Museo di fisica e di esperienze variato, e decorato di osservazioni naturali, note medicinali, e ragionamenti secondo i principii de’ moderni è il titolo di un libro del 1697. Vi si può leggere la cronaca di un giorno in cui uno scrittore osservava che in un campo di sua proprietà erano entrati delle donne e dei ragazzi:
” li quali coivano roxe, romexe, pancuario, stupion, patarina, foje de navon … et ogni altra coxa insieme coxivano con un pocho d’olio o grasso et con axè, acqua in la padella e sal, de questo ne mangiavano… prendono anco fruti de spini bianchi, li siccano e macinano et con quella farina ne prendono tre parti e una di farina di formento e fanno pane … multi putti sono per boscaglie alla ricerca di detti frutti …”.
Venivano consumati sotto forma di zuppe o di insalate.
L’insalata, cotta o cruda, era al centro di un ampio e duttile sistema alimentare. La si preparava, oltre ai legumi, come fave e piselli, con ogni sorta di herbette. In un ricettari del XIV secolo si legge che l’insalata mista era consigliata prepararla con “lattuga, indivia, buglossa, portulaca, malva, radicchio, sassifraga, pimpinella, acetosa, menta, nepitella, finocchio, prezzemolo, crescione, origano, cerfoglio, cicoria, lancedine – dette dai medici rispettivamente tarassaco e arnoglossa, morella, fiori di finocchio e parecchie erbe aromatiche”, lavate, scolate e ben condite.
Sono erbe che sollecitano la curiosità , e il recupero di alcuni “segni”, che mai come in questo caso, possono indurre a percepire voci e colori, uomini e cose di un piccolo anonimo mondo spesso racchiuso in uno stato d’animo, in un sentimento, in un insieme di storie, che appartengono a una tradizione locale, non sempre rigorosamente archiviata e documentata, ma sempre ben sedimentata in una lunga intimità di solitudini racchiuse tra anonime mura, piccoli orti, filari di gelsi capitozzati e che nel tempo si sono trasformate in nostalgie, inquietudini, turbamenti, disagi, rassegnazioni che hanno finito per assomigliare sempre più a ignare attese.
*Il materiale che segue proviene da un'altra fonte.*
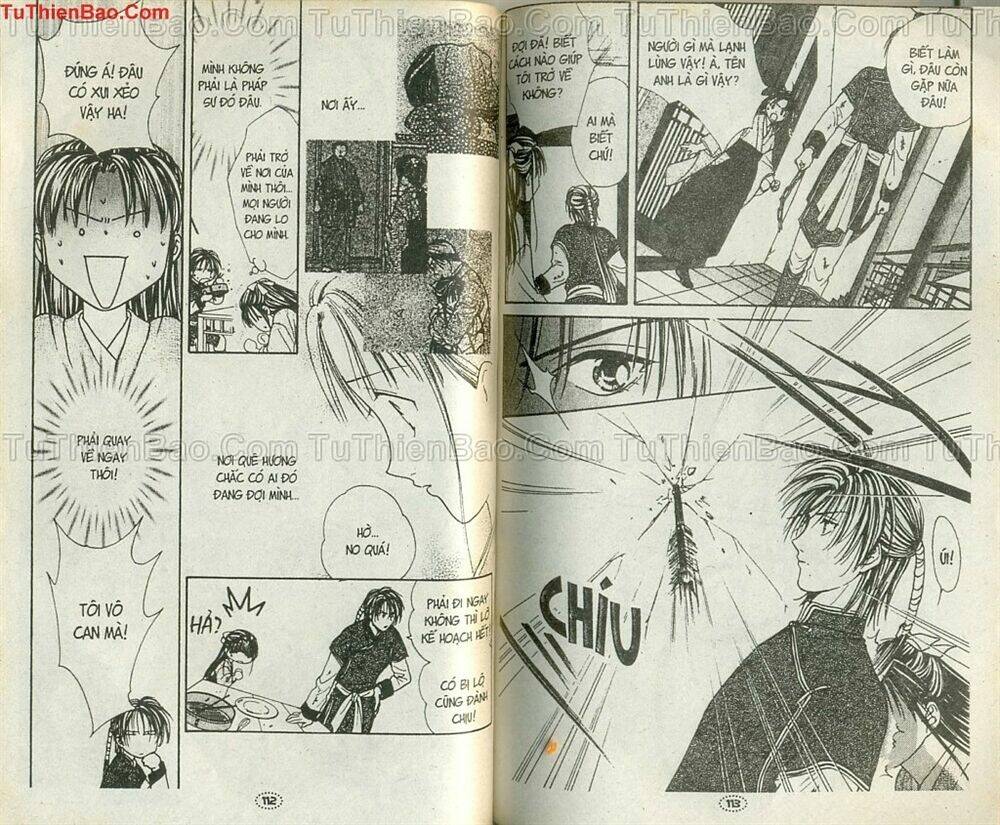 Quyển Sách Kỳ Bí 2: Chapter 1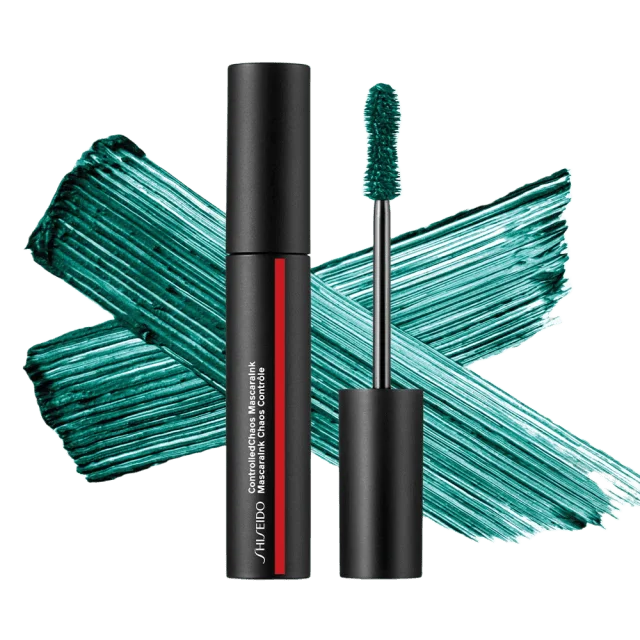 Shiseido ControlledChaos MascaraInk Mascara Dam Grön 12 ML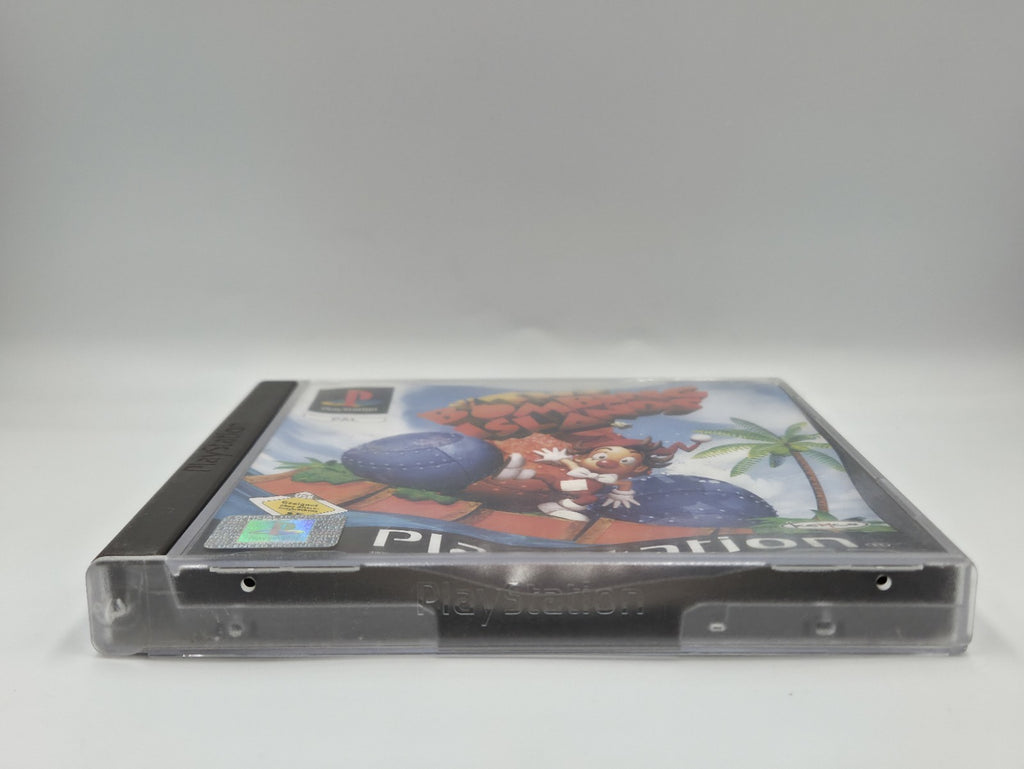 PS1 Playstation 1 Spiel The Bombing Islands mit OVP Deutsch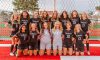 High school girls soccer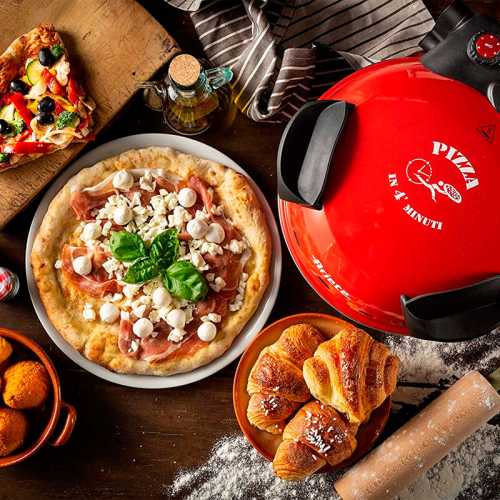 Mini Horno Ariete Para Pizza 909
Frammenti di vita che sono rimasti immobili fino a pochi anni fa, allorché il benessere ha cancellato la vocazione agricola di alcuni territori, ha mutato le case, il paesaggio, la mentalità . Se poi le erbe le coniughiamo alle realtà naturalistiche che si accompagnano, collimano e sfumano l’una nell’altra, non si può non andare a ritroso nella nostra memoria che sollecita ricordi di un microcosmo cresciuto nell’ombra gelosa dei cortili attorniati da dimore sospese nell’immobilità del tempo, vissute da gente semplice, disperatamente affettuosa, che racconta miserie, dolori, solitudini, la fatica di vivere e l’angoscia per il futuro spesso in balia di lunghi e rigidi inverni, fra zolle di terra raggelate in ogni piega e impregnate di acqua a mezza strada fra il dolce e il salmastro, alternate ad estati secche e afose, permeate da una calura che avvolgeva e accarezzava tutto come in un gesto d’amore sorpreso. Ora questi luoghi, sgualciti dal tempo, ricchi di sporadiche terre coltivate, sono in grado di suggerire, attraverso queste “herbe bone”, memorie screziate di nostalgie, di spazi e di tempi posti sulla cresta della memoria e della speranza, con uno sguardo rivolto a quella vita e a quel passato, piuttosto che ad un presente senza terra sotto i piedi e con addosso un cronico e inguaribile esilio. Spesso alcune sono state definite “omnimorbia”, cioè buone per ogni cosa e perciò anche per allontanare tutti i mali; quindi indispensabili per i medici, i guaritori, le donne che preparavano zuppe indicate per bambini ed anziani e per il contadino, cui spesso bastava un cattivo raccolto per essere obbligato a mangiare erba. Forse mai come in questi casi attorno a queste minime realtà botaniche si sono intrecciati il sapere del cuoco, dell’erborista, del mago, delle donne di casa e le varie modalità d’uso erano un segreto da custodire e tramandare per disintossicarsi, guarire, prolungare la vita poiché la “Salus erat in sanguine” e le piante erano un serbatoio cui attingere per curare il corpo e l’anima.
Ora queste erbe che stanno al di là del vetro trasparente della finestra, spesso su un terreno vago, pieno di storie, di case, di strade, di piazze, di gente che non è più viva. Un mondo visibile su cui si adagiano storie invisibili, che aiutano a esplorare un’area deserta del cuore umano e che chiedono che il loro nome non sia dimenticato da parte della storia locale.